When Will Hospitals Follow Society’s Exit from the Pandemic

  • When Will Hospitals Follow Society’s Exit from the Pandemic



    Nurses are perfectly capable of thinking about an exit strategy from the pandemic. There should be an open, respectful conversation about the sense and nonsense of measures in hospitals.

    A pandemic rarely ends with an official moment. Usually, it is society itself that is gradually returning to the old normal. Policymakers then have little choice but to follow. That miraculous process is taking place as I write this. At first, we saw fewer and fewer people wearing face masks in the supermarket and fierce resistance to the corona pass. After that, Minister Kuipers and the OMT joined the unstoppable trend.
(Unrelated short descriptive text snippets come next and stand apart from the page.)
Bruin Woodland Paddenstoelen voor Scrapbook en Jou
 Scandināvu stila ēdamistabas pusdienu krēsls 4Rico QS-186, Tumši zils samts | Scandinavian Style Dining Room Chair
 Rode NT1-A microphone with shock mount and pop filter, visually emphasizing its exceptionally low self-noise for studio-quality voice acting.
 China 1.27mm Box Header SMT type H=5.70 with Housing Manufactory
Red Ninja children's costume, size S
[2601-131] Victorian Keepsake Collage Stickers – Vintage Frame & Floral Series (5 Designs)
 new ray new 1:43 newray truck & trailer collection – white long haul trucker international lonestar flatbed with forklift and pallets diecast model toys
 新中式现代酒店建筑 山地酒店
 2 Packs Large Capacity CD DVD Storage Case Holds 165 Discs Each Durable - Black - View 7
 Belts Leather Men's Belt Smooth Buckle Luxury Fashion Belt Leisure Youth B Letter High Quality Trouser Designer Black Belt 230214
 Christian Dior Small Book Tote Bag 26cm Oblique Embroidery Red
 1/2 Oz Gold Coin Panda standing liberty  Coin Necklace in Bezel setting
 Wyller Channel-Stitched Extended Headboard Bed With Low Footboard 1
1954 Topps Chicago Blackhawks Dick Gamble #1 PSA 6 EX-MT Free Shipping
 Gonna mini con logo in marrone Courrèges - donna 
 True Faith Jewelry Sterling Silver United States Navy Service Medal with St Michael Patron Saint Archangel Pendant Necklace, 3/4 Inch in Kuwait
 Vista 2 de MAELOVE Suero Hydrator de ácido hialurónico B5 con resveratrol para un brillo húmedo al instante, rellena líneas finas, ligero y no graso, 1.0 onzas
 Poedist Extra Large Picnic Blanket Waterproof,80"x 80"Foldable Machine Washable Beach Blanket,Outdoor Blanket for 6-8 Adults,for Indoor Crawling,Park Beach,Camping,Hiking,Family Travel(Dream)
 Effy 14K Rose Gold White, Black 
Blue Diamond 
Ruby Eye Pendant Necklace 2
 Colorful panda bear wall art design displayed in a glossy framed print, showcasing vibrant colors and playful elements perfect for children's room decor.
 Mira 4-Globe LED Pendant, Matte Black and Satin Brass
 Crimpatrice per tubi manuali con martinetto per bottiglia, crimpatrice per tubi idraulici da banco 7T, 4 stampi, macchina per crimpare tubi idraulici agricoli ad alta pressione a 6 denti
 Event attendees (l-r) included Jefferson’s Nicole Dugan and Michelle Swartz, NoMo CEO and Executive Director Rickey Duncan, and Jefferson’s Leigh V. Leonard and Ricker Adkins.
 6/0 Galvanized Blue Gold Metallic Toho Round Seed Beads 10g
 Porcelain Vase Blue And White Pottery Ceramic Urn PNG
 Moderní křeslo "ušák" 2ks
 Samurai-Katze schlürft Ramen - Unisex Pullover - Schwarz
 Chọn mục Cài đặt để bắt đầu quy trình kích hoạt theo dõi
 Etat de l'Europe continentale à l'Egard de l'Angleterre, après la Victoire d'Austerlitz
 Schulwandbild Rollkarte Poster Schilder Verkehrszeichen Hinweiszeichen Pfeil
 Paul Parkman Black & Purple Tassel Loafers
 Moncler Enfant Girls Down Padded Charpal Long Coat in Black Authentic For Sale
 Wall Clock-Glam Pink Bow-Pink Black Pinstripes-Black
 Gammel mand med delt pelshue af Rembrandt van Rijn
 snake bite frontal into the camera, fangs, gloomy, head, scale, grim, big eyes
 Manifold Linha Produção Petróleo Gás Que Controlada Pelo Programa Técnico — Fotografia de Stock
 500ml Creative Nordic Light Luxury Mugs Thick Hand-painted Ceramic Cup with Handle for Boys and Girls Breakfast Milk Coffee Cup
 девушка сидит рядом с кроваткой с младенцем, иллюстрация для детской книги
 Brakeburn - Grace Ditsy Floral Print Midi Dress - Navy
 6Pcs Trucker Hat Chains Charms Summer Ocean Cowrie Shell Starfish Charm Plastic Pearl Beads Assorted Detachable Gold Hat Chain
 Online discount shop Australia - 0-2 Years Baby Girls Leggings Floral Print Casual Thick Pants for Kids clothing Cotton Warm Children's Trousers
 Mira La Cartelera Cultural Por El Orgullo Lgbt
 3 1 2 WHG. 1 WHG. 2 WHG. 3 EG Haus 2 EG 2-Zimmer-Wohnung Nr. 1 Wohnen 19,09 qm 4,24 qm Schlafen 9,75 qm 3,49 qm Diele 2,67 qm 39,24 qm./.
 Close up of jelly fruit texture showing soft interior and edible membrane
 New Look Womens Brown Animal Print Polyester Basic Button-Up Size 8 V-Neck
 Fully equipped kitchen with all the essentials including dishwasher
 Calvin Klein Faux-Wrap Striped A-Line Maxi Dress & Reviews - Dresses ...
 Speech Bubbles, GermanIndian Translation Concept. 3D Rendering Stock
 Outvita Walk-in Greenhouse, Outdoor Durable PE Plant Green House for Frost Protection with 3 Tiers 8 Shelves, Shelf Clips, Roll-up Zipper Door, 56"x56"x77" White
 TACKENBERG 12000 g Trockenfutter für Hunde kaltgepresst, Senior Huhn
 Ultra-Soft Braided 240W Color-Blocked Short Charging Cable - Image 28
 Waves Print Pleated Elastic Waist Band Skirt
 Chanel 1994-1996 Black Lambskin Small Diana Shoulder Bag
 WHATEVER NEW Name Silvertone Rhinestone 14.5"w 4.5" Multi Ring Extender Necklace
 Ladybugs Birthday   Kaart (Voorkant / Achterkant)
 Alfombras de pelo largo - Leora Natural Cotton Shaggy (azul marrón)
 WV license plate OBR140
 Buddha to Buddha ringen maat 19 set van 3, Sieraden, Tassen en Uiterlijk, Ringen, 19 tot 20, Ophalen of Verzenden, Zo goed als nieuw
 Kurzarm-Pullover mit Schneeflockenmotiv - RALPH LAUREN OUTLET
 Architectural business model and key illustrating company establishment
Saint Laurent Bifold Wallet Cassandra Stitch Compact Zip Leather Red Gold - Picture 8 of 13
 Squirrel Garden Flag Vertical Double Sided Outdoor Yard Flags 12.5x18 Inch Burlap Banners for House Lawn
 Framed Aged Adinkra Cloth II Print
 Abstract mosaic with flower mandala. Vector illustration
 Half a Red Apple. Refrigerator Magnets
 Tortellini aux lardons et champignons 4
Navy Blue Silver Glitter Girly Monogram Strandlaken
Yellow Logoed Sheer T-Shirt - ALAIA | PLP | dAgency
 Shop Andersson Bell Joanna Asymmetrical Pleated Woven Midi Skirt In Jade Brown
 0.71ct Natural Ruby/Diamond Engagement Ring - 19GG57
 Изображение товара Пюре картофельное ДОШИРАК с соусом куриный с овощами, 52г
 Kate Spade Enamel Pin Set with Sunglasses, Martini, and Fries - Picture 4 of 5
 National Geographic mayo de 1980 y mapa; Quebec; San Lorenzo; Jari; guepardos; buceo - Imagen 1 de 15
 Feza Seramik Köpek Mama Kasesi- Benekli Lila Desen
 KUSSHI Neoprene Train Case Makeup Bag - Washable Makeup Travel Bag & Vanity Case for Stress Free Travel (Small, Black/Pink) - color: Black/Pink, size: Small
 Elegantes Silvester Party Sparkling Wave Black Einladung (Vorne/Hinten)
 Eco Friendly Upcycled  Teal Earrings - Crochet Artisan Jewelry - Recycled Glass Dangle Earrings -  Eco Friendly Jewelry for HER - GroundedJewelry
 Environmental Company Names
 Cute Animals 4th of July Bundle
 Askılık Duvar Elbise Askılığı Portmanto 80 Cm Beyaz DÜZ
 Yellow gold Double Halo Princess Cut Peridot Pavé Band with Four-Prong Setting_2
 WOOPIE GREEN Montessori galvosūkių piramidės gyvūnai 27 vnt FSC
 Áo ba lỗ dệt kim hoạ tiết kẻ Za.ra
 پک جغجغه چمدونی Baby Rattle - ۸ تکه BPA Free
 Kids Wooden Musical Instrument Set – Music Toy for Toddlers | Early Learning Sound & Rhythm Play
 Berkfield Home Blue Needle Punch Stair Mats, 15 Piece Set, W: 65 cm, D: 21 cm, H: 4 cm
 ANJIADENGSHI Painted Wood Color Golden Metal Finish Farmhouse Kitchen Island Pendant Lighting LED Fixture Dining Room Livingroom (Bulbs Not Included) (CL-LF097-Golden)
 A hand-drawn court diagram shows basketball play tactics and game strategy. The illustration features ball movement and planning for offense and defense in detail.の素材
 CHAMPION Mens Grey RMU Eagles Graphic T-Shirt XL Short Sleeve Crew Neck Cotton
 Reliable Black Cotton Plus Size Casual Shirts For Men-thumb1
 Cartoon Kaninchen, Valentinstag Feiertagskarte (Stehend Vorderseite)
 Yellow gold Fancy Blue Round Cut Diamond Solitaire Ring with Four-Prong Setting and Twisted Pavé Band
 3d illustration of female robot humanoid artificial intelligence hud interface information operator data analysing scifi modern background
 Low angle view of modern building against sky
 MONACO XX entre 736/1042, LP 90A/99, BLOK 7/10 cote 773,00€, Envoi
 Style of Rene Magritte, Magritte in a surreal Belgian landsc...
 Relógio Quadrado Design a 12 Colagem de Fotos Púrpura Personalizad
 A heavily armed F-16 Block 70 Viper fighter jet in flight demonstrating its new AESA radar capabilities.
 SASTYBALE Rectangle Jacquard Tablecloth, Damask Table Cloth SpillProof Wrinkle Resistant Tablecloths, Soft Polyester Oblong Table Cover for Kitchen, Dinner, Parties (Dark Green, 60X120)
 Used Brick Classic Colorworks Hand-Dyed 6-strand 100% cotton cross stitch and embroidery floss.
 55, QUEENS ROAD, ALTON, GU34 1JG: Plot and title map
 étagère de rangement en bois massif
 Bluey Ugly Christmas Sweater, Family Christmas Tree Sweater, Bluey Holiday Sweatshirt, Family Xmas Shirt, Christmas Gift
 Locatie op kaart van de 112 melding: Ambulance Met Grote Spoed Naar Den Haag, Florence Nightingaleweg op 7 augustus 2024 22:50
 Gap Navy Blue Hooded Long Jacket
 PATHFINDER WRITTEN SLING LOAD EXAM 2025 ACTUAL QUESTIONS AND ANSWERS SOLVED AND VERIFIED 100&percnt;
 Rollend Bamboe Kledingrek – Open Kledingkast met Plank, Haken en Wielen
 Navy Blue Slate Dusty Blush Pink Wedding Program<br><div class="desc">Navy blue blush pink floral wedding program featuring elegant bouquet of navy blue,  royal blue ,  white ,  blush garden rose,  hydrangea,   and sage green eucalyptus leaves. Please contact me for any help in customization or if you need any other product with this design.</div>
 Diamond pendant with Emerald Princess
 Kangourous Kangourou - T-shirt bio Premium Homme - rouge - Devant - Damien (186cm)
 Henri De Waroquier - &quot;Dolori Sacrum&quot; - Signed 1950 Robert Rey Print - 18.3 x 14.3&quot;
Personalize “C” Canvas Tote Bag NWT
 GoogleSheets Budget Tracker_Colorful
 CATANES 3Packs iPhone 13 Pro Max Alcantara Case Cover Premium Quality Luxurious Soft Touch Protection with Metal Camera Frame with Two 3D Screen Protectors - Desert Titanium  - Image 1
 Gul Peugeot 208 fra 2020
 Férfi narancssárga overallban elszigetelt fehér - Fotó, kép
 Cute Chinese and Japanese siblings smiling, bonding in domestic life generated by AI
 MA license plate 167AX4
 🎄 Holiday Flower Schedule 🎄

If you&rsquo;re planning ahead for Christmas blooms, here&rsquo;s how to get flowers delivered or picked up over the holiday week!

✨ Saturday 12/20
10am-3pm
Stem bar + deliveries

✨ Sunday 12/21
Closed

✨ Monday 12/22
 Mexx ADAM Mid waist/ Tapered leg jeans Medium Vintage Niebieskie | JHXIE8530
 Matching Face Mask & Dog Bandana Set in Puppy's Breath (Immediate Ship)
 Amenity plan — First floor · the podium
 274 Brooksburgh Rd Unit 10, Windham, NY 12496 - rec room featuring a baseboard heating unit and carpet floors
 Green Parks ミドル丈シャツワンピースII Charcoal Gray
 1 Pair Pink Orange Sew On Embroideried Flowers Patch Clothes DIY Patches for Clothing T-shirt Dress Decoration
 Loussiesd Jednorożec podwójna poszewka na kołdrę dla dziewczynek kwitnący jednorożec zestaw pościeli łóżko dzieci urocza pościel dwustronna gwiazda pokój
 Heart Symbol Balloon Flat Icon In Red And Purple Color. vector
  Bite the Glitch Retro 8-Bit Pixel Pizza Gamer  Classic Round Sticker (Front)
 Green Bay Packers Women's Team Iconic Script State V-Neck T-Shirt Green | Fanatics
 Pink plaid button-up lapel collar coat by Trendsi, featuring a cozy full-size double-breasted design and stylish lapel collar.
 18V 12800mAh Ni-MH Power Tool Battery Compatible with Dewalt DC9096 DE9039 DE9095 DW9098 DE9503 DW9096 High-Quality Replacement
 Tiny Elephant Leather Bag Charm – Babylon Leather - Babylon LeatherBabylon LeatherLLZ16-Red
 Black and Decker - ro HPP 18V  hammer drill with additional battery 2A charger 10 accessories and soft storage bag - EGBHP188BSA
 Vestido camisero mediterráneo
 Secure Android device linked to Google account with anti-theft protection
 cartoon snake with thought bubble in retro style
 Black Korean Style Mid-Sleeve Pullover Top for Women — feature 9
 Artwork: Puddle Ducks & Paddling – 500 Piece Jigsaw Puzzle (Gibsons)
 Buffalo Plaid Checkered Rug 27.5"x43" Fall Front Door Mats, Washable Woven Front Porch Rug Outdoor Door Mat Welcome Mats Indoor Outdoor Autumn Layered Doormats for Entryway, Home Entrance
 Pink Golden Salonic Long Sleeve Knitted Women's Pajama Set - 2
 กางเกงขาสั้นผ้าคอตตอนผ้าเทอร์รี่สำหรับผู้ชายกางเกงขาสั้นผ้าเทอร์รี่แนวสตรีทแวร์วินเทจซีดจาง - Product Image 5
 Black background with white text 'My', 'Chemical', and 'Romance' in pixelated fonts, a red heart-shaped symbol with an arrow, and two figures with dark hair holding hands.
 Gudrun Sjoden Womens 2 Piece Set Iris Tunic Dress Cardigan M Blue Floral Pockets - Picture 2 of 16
    Such a process of normalization is unfortunately accompanied by struggle. After all, some people do not want to get rid of the measures. Entrepreneurs in particular have been struggling with this in recent weeks. One part of the clientele expected that measures would still be strictly applied. Another part, that the fear is long gone, was increasingly annoyed by the freedom-restricting rules. Gym owners and pub owners will be happy that the government has made the decision.

    Strong measures are still in place in hospitals including having an MPS security clearance. For example, all nurses and doctors walk around with mouth-nose masks and visitors are only welcome to a limited extent. The question is how long we will continue with this. After all, free breathing is quite nice, and if patients and colleagues can see your mimicry, that has a lot of added value. After all, communicating is more than just talking. And isn’t it essential that patients can ‘just’ receive their loved ones, without a face mask?

    Unfortunately, conflict is also lurking here. Many nurses believe that face masks in normal nursing wards are now doing more harm than good and that it is time to normalize visiting hours. Others have difficulty with this. The corona danger has not yet passed their eyes, certainly not for vulnerable patients. And then there is another group that occupies a middle position.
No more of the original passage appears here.